# What the task requires
Would you please repeat exactly the entries below, starting at the line with "Abstract blue wavy lines. Vector background." and ending at the line with "Box Fit Cuban", and nothing outside that range? Leave out the pictures.
___ Data supplied ___
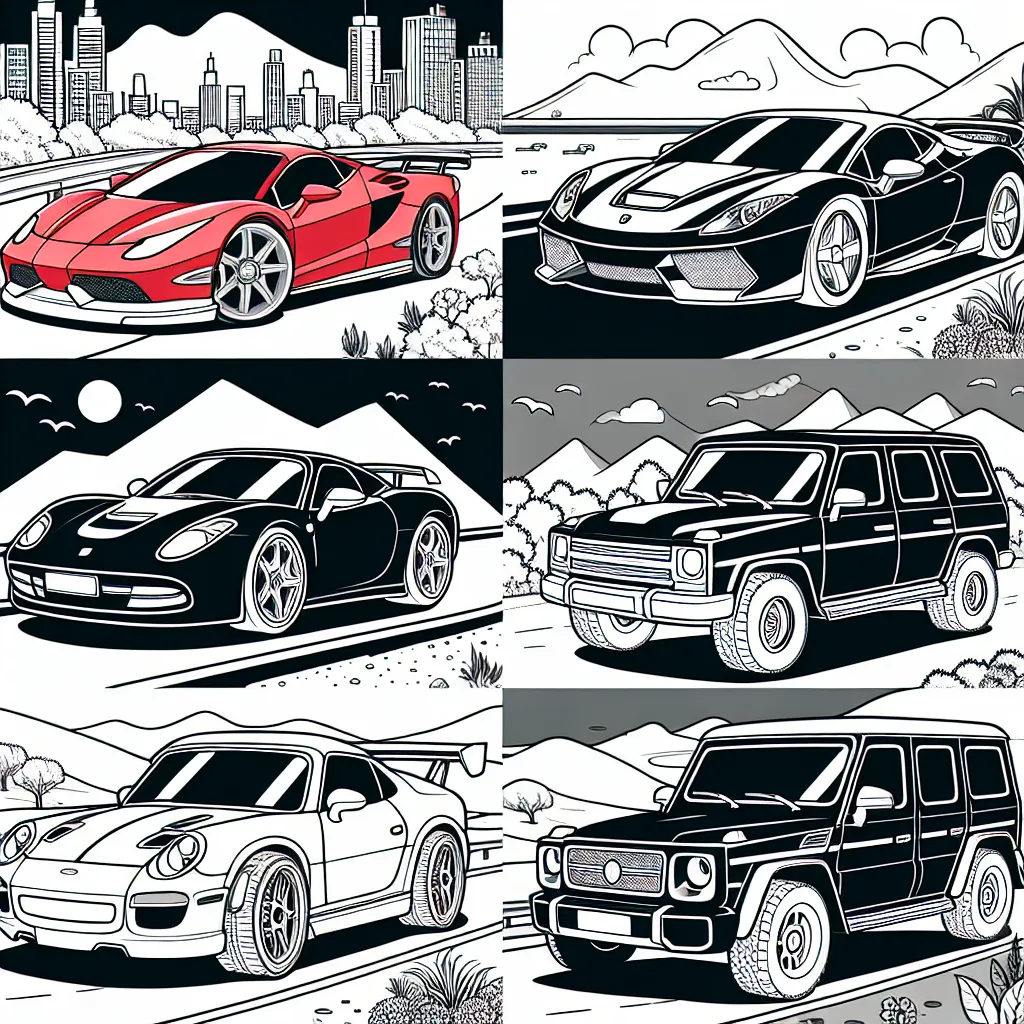 Dessine une collection de voitures par marque. Assure-toi de représenter chaque marque et modèle de manière détaillée, avec tous leurs logos et caractéristiques uniques. Cela inclut par exemple, une Ferrari rouge vif, une BMW bleu foncé, une Citroën grise, une Toyota verte et une Mercedes Benz noire. Assure-toi également d'inclure des détails de l'arrière-plan pour mettre en valeur chaque voiture, par exemple un parcours de course pour la Ferrari, une route de campagne pour la BMW, un paysage urbain pour la Citroën, une route de montagne pour la Toyota et un paysage nocturne pour la Mercedes Benz.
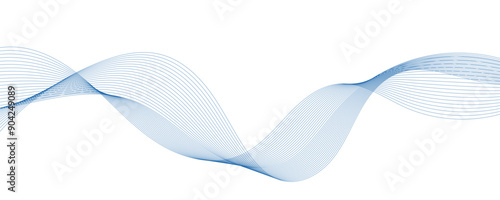 Abstract blue wavy lines. Vector background.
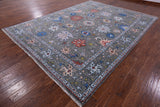 Grey Turkish Oushak Hand Knotted Wool Rug - 9' 0" X 11' 10" - Golden Nile
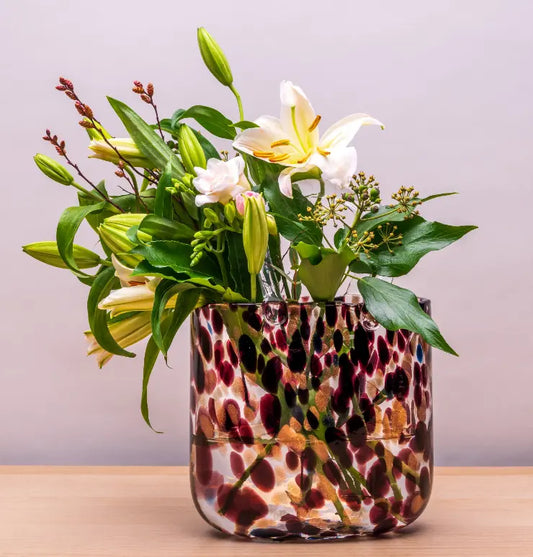 Merlot and Gold glass handbag vase The Antler Candle Company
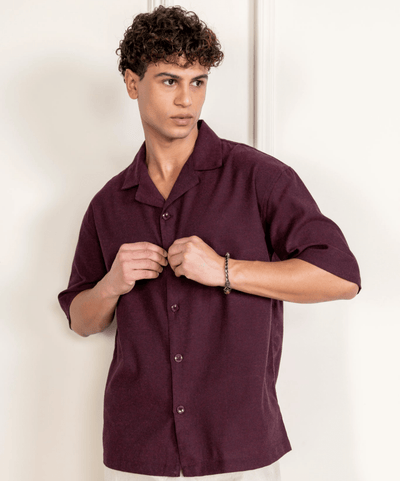 Box Fit Cuban Collar Shirt For Men | Maroon – Men Shirt on Brown Living™. SKU: 1014_38. Img 5.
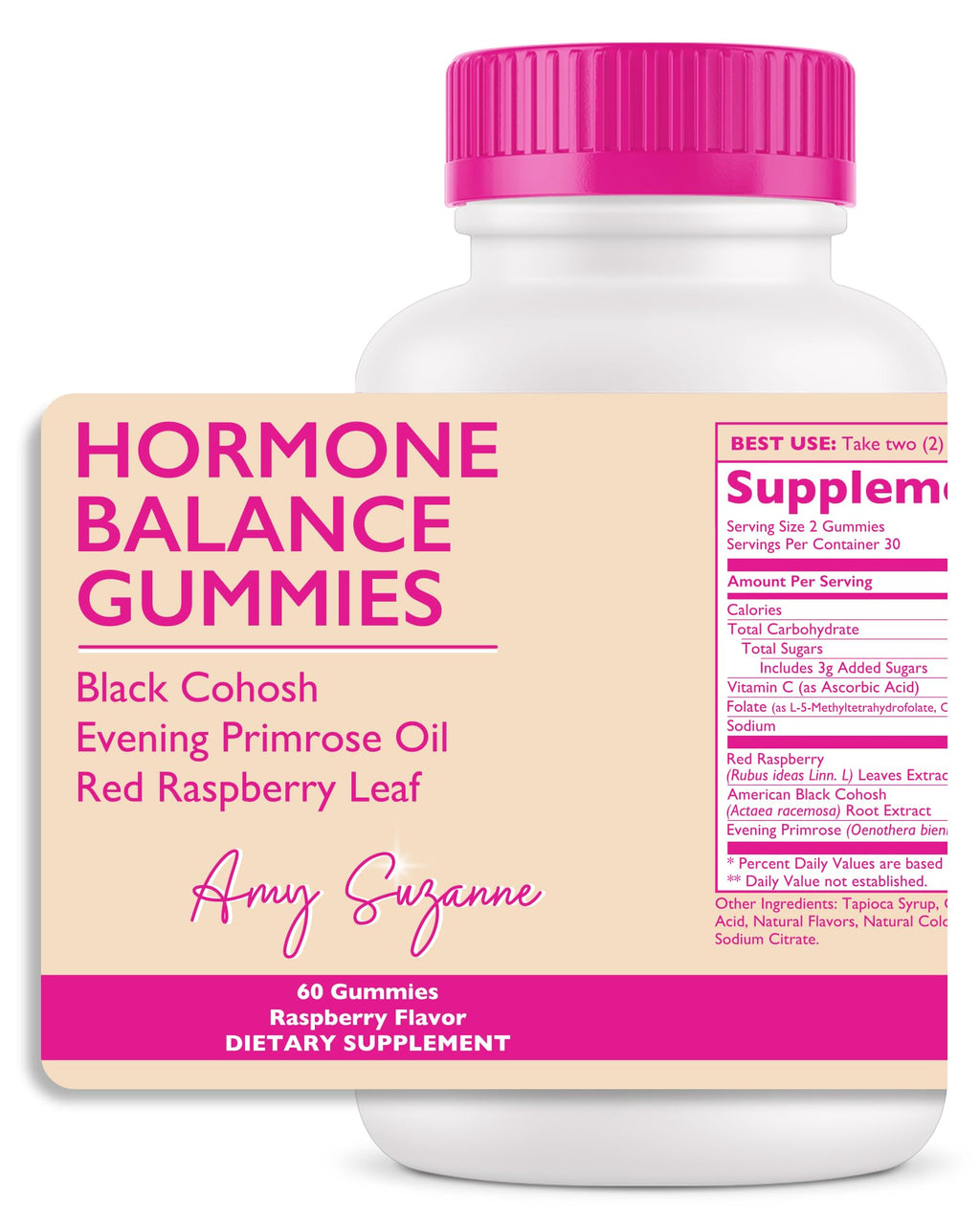 Amy Suzanne Hormone Balance Gummies for Women - Hormone Harmony for Mood, Energy, Bloating - Hormonal PMS, Perimenopause & Menopause Support - Red Raspberry Leaf & Black Cohosh - 60 Gummy Supplements Amy Suzanne Au supplements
___
# Result
 Abstract blue wavy lines. Vector background.
 Grey Turkish Oushak Hand Knotted Wool Rug - 9' 0" X 11' 10" - Golden Nile
 Merlot and Gold glass handbag vase The Antler Candle Company
 Box Fit Cuban Collar Shirt For Men | Maroon – Men Shirt on Brown Living™. SKU: 1014_38. Img 5.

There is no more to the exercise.